(Dataset entries)
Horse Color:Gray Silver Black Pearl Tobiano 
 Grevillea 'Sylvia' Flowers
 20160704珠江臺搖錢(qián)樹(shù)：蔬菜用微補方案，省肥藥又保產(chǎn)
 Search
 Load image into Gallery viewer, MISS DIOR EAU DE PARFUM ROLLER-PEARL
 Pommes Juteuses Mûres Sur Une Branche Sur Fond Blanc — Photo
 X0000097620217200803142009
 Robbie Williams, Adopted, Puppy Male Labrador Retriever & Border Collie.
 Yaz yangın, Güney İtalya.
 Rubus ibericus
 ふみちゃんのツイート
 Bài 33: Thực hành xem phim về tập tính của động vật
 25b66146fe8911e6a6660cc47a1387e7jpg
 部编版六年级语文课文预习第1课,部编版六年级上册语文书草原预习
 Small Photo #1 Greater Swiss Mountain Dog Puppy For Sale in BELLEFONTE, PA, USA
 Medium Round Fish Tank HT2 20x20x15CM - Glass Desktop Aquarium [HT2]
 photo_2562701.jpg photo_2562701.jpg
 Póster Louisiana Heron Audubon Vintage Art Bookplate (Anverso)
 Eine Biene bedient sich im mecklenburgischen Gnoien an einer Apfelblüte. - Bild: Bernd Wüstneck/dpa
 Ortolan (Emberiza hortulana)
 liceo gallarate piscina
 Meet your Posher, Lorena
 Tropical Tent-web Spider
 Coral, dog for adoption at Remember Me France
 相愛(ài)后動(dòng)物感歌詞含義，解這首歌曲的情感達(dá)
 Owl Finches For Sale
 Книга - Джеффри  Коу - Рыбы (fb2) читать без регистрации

* [Directions]
Note every line of the entries in which "Sale" appears, and copy it down.

* [Response to this exercise]
 Small Photo #1 Greater Swiss Mountain Dog Puppy For Sale in BELLEFONTE, PA, USA
 Owl Finches For Sale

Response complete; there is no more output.